The Digital Media Environment, webinar with Sara Bezovšek
KIBLIX Webinar Series January – February 2021
We are pleased to announce the next chapter of KIBLIX online seminars, a series of four online seminars and reading groups, moderated by curator and critic Irena Borić, in collaboration with various artists. The purpose of webinars is to create a space for joint reflection, discussion, and knowledge exchange. The content of all four meetings will be related to selected theoretical texts and practices of international artists. curators and cultural workers.
All meetings will be held through the online platform ZOOM (all links below). The language of the webinar will be adjusted according to the participants (Slovenian or English). The webinars are intended for a broad audience, and no prior knowledge is expected from the participants. We kindly recommend that participants read the proposed texts in advance (available in Slovene or English). We ask that you send an e-mail to irena.boric@kibla.org to register your participation and the text. Registration is for informational purposes only and is not binding.
You are welcome to join us! The Digital Media Environment Webinar with Sara Bezovšek Tuesday, 19 January, at 6 p.m. @ZOOM
As part of this seminar, we will get acquainted with the artistic practice of Sara Bezovšek. Through the artistic practice of appropriation, she is an artist who explores the influences of Internet culture and online social media on contemporary visual art. The discussion will be based on the digital theorist Douglas Rushkoff's text The Digital Media Environment, published in his book Team Human. We will discuss the digital environment and its impact on the assumption of reality. As the author says: „The more we accept the screen as a window on reality, the more likely we are to accept the choices it offers. But what about the choices that it doesn't offer? Do they actually not exist?”
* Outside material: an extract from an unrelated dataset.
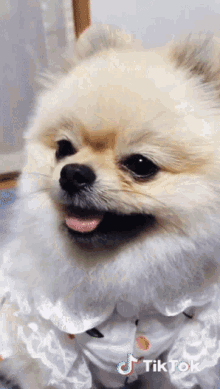Get To Work Cute GIF - Get To Work Cute Cute Dogs GIFs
Sara Bezovšek is a visual artist, active in the fields of graphic design, new media, and experimental film. In her work, she collects, stores, and collages the visual references she encounters while browsing online and watching movies and TV series. Through appropriation, she creates new narratives, interested in what people watch and share on social media, how visual material is broadcast on the internet, and how it changes and affects users. In the context of the post-internet paradigm, she thus creates a space where online content and internet references are a consistent and indispensable part of the world we live in.